● ASSIGNMENT
In the material below, find the line with "家長在休息區(qū)內(nèi)張望著小孩" and the line with "image for item". Output exactly those two lines and all lines between them, leaving out pictures.

Start of EXTRACTED DATA

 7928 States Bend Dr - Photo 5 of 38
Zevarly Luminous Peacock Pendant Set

End of EXTRACTED DATA
Start of EXTRACTED DATA

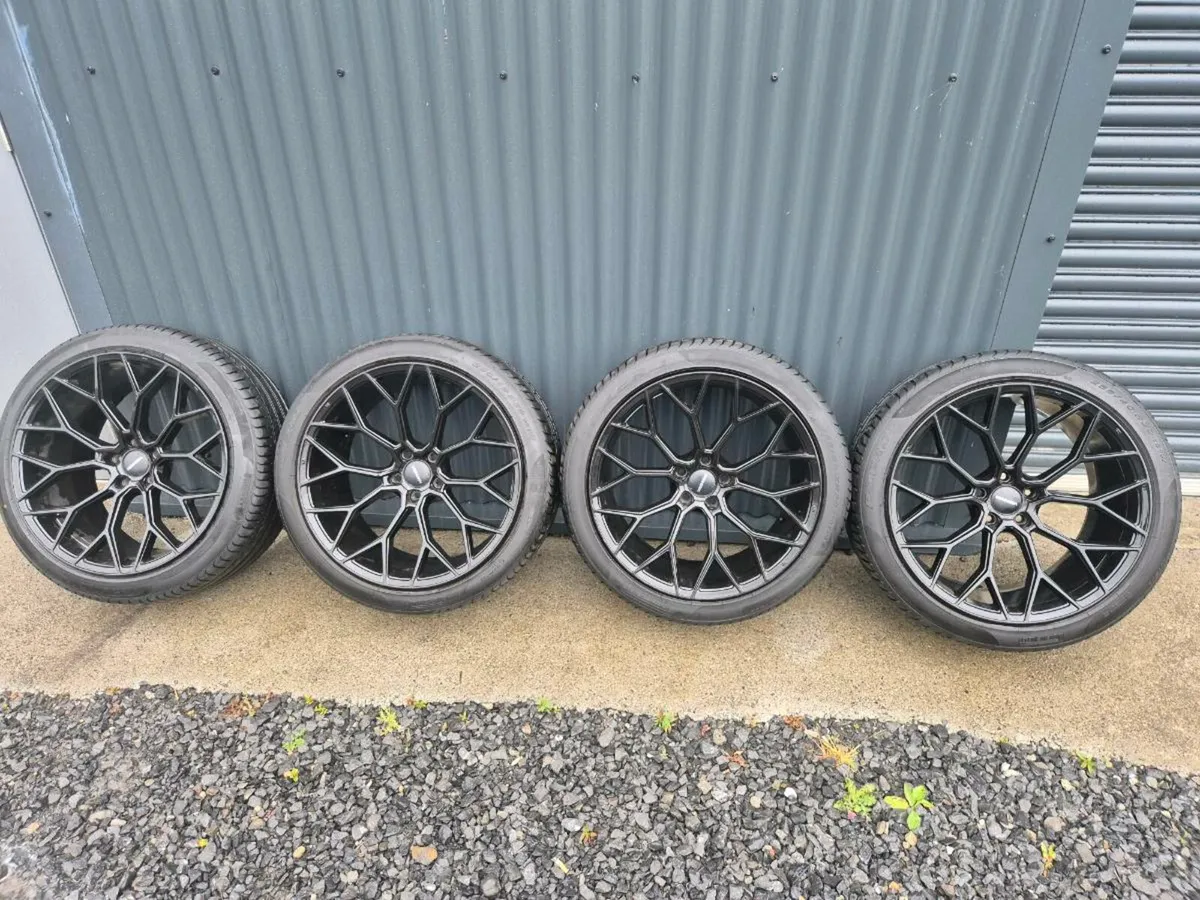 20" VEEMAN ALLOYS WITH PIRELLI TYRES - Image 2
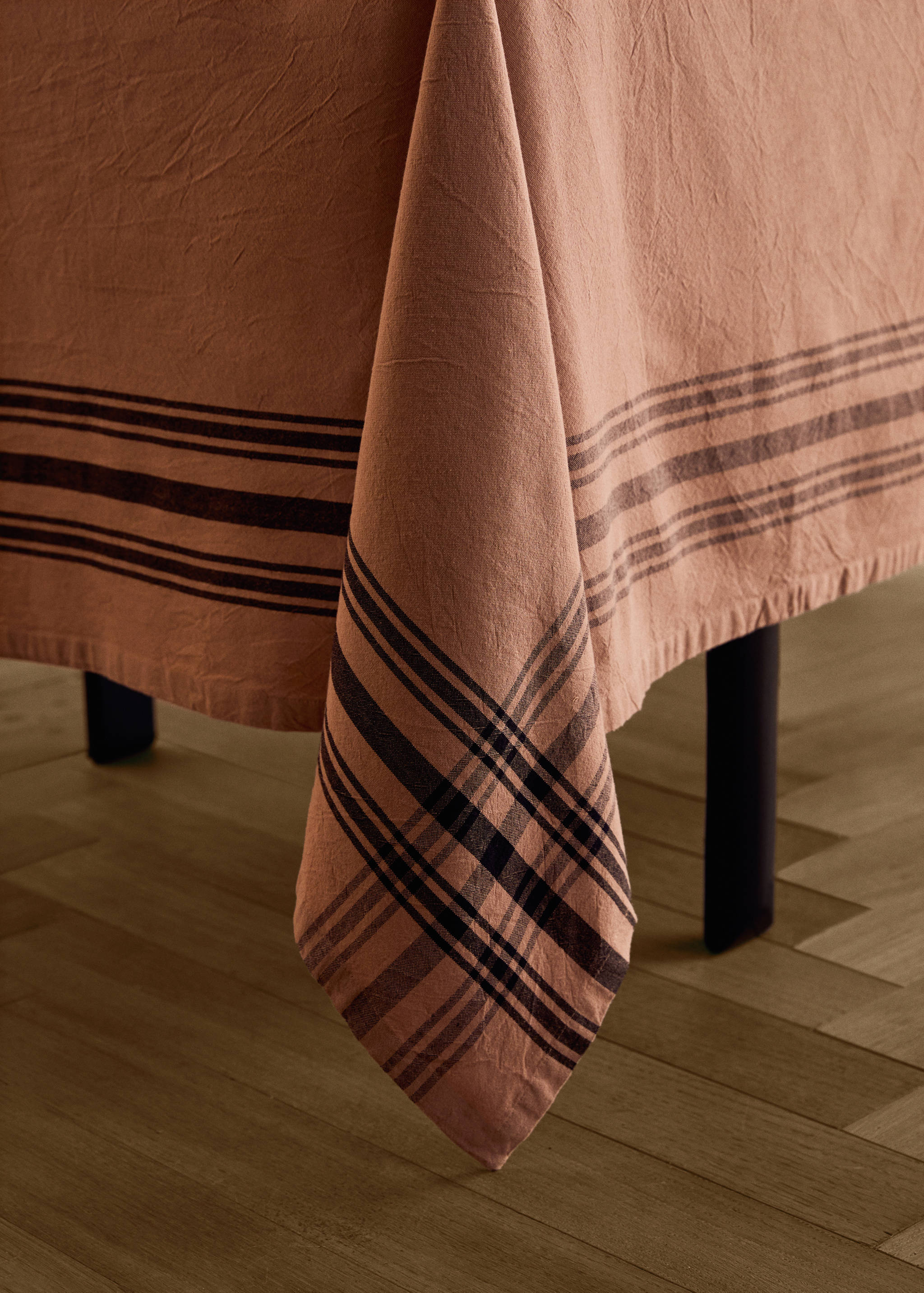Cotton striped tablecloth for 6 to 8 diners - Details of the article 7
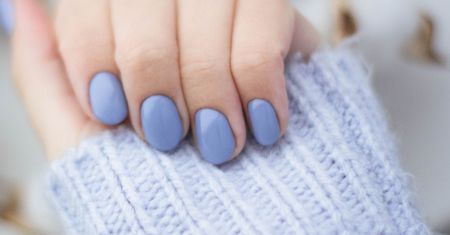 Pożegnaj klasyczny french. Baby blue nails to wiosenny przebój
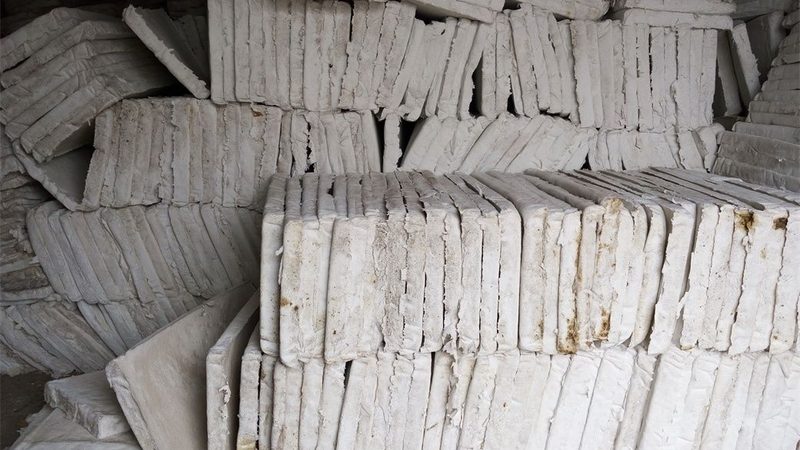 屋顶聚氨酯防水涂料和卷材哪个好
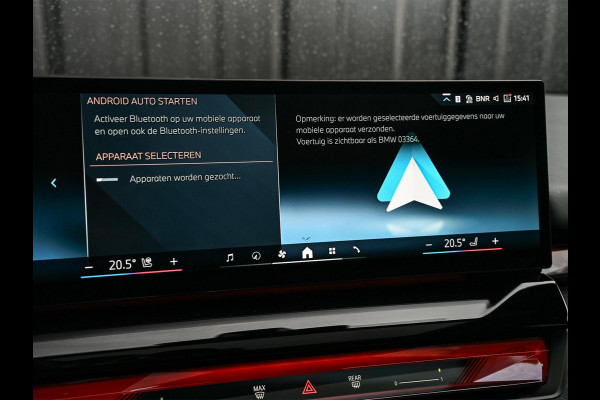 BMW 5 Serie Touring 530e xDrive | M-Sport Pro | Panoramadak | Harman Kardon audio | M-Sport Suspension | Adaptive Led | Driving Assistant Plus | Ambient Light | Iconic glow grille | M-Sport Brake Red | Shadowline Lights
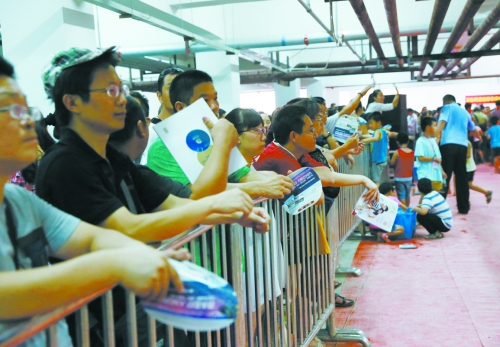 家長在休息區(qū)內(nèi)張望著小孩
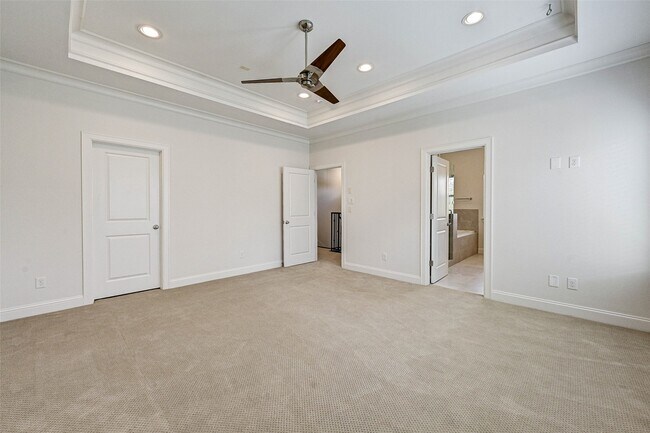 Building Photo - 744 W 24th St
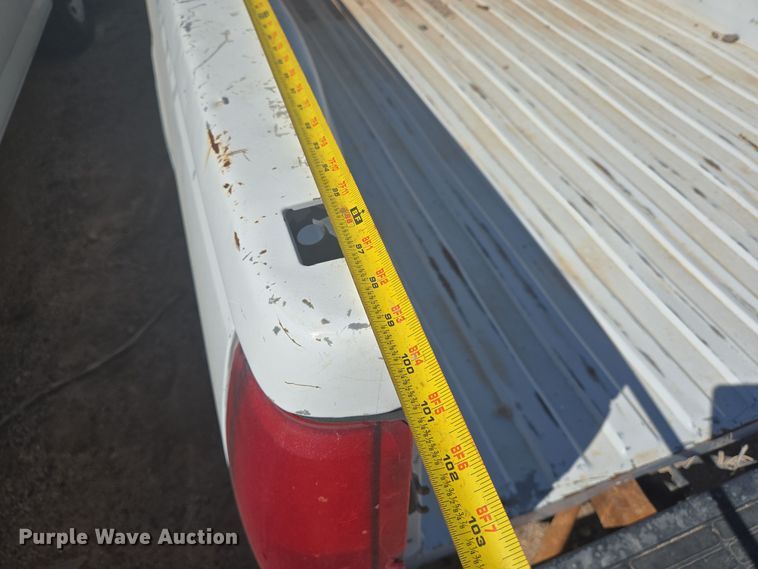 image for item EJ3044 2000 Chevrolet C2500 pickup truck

End of EXTRACTED DATA

● RESPONSE BOX
 家長在休息區(qū)內(nèi)張望著小孩
 Building Photo - 744 W 24th St
 image for item EJ3044 2000 Chevrolet C2500 pickup truck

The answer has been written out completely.